Public exhibitions to explain the £32bn High Speed 2 rail network kicked off last week along the controversial
Chilterns section of the route. Antony Oliver talks to HS2 chairman Sir Brian Briscoe about how to make the case.

According to the large countdown calendar on the HS2 consultation website, there are just 71 days left to have your say on proposals for the UK’s next foray into high speed rail travel.

Last week saw the project resume its programme of public exhibitions to explain plans. Having paused for the UK local elections, the consultation has now moved out of London to the leafy surroundings of Buckinghamshire, Northamptonshire and Warwickshire.

Difficult conversations

And as HS2 non-executive chairman Sir Brian Briscoe is all too aware, conversations at the 30 events planned along the route from London to Birmingham over the next few months will without doubt become increasingly difficult.

“This is not a propaganda exercise - we understand why people have got anxieties about the project,” explains Briscoe, referring to the increasingly vocal local objectors and ­national organisations, such as the StopHS2 campaign, who are now mobilising their opposition to the project.

“We think that the route is as good as we can get it at this stage but we appreciate that we are going to see people who know their ground better than we would ever do,” he adds. “They are entitled to put their perspective.”

And having already received thousands of responses to the seven questions set out in the consultation document, he is prepared for many more to arrive ahead of the July deadline. And while Briscoe is, without question, totally convinced that HS2 is vital to the UK’s future prosperity, he also understands that engagement with the public can only be good.

“It is a false belief that delaying it will make it better,” he says. “What makes it best is a really good quality consultation where people are listened to and changes are made in response. But we must keep the ­programme going so that properties are not blighted by the uncertainty.”

Rural impact

To date, he explains, the residents of Euston and North London have been interested and excited by the prospect of increased, faster and more reliable services to Birmingham and beyond. But as former chief executive of Hertfordshire County Council and before that chief planning officer in Kent, he knows only too well the impact that such schemes can have on rural communities.
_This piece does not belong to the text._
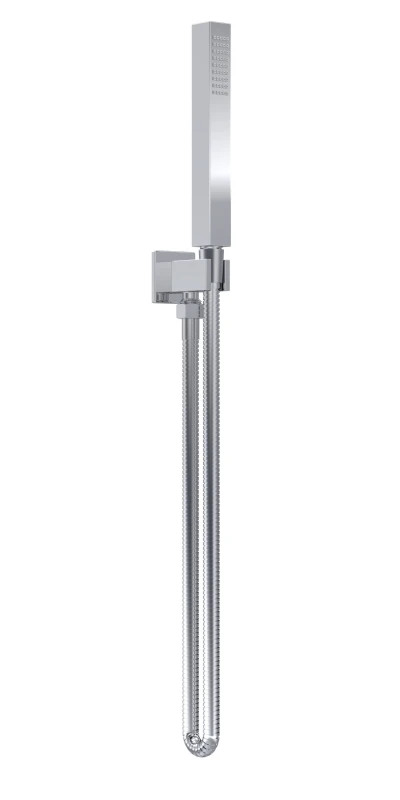 Image of Balterley Round Outlet Elbow Parking Bracket Shower Handset Chrome Silver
As part of the government’s consultation on the initial route between London and Birmingham, it is also seeking feedback on the wider high speed rail proposal. This includes links to High Speed 1 and Heathrow Airport and the phased roll out of a wider high-speed rail network north to link with Manchester and Leeds.

Clearly, as with any major national infrastructure, there is a balance to be struck between the strategic decision and the ­localism agenda.

“Having been an advocate of localism all my life I’m in a difficult position,” he says. “On a project like this, what has to be decided strategically is: ‘Do we want a railway? Do we want it to connect to big cities?’ The issue for the localism agenda is then along each individual section: Are we doing the best that we possibly could?”

Local concerns

For Briscoe the absolute priority right now is to ensure that the consultation exercise actually takes account of ­local concerns and then makes adjustments where necessary to improve the plans or even persuades the government not to proceed.

“It is not a done deal or a project that is committed,” he says. “The government is consulting and there is a genuine decision to be made by the Secretary of State at the end of the consultation as to whether or not to go ahead at all.”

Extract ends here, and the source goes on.